→ **Task instructions**: Whenever a line below includes "Black", add it to the tally, then give the total and nothing more.

--- Exercise data ---

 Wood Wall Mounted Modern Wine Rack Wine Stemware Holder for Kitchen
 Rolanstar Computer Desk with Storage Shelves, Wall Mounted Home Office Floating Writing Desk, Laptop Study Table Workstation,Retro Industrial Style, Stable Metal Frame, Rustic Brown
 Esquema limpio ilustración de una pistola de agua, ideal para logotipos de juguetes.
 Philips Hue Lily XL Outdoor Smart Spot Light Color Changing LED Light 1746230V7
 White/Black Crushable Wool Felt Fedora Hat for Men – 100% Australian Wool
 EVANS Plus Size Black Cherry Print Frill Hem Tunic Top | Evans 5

---
--- Exercise data ---

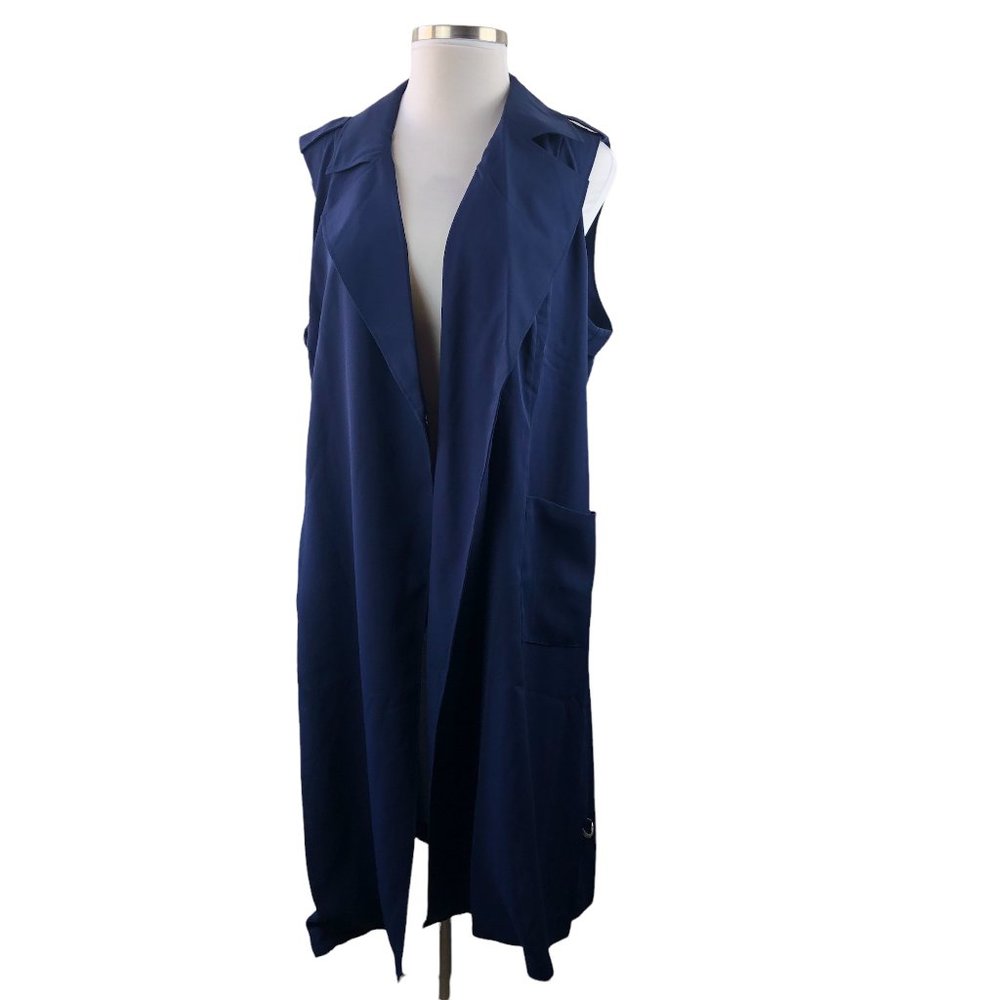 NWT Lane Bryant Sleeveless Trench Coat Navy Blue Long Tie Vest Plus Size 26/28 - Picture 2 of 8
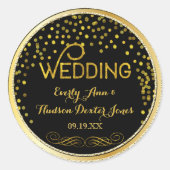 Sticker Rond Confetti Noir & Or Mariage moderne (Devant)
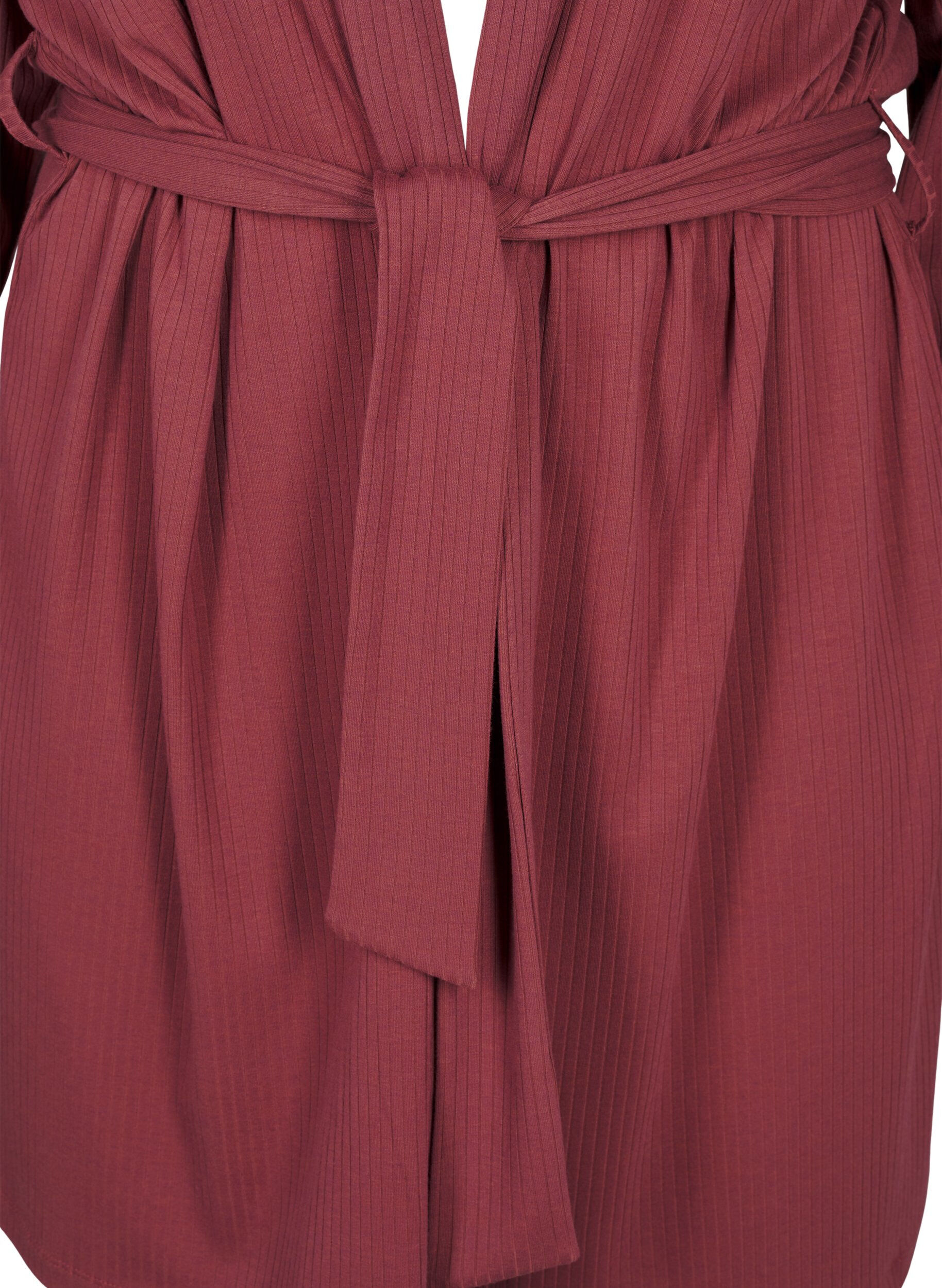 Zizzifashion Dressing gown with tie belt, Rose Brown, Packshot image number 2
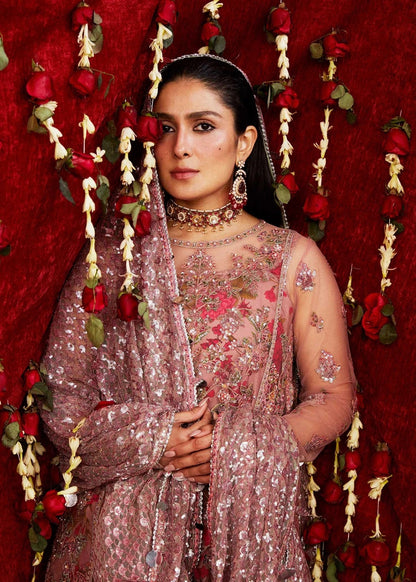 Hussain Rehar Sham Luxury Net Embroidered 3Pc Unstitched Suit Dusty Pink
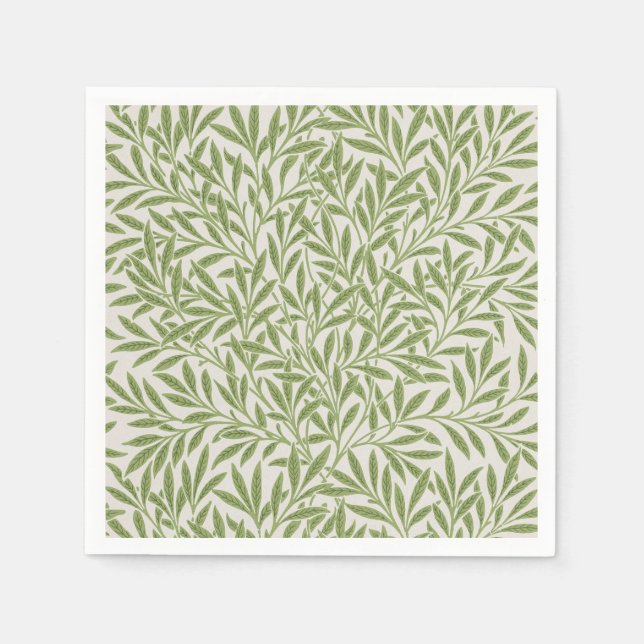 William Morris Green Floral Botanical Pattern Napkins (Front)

---
--- Exercise data ---

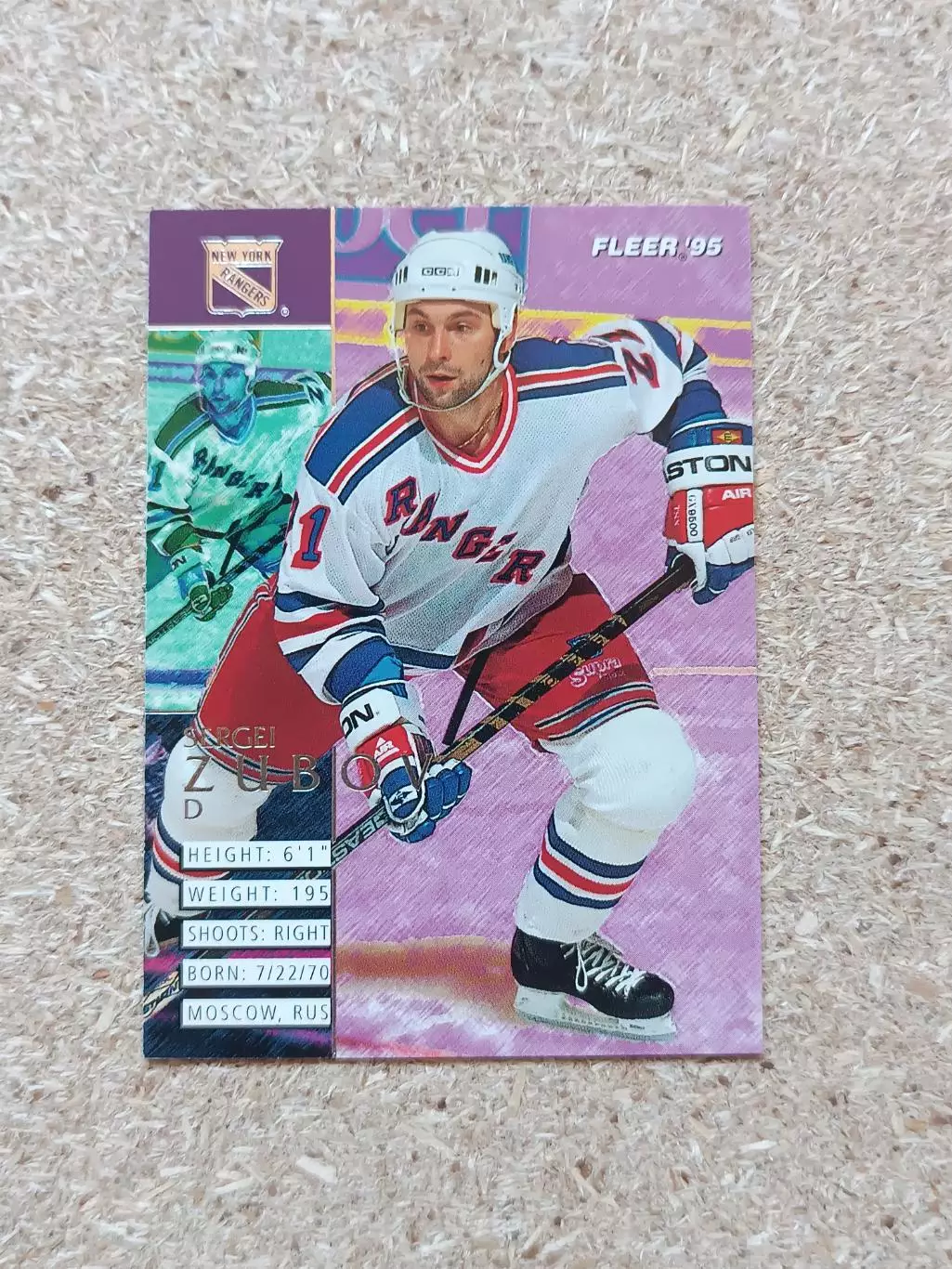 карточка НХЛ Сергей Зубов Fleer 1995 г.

---

→ **Answer to this problem**: 2